╭──

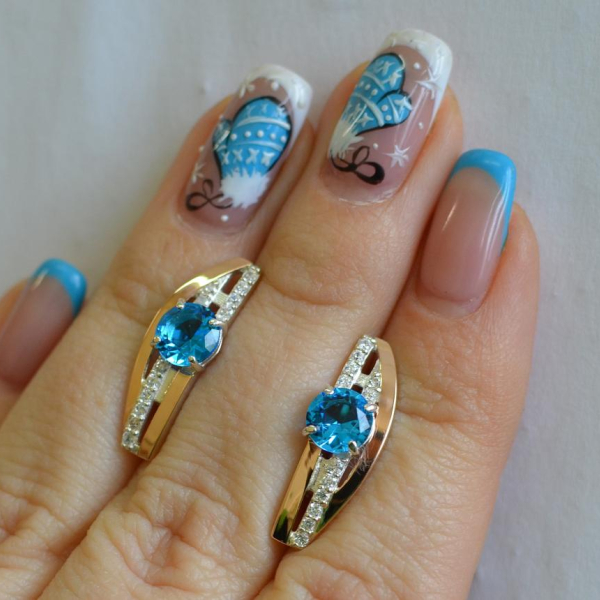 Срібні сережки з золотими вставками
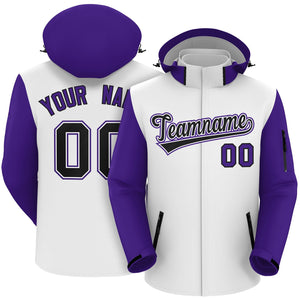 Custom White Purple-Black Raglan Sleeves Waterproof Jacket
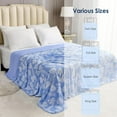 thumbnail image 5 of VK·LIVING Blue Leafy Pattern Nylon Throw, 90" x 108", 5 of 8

╰──

◆ The problem:
Please give again only those lines that run from the one containing "Custom White Purple-Black" through the final line of the listing, both included, exactly as written and without pictures.

◆ Result below:
 Custom White Purple-Black Raglan Sleeves Waterproof Jacket
 thumbnail image 5 of VK·LIVING Blue Leafy Pattern Nylon Throw, 90" x 108", 5 of 8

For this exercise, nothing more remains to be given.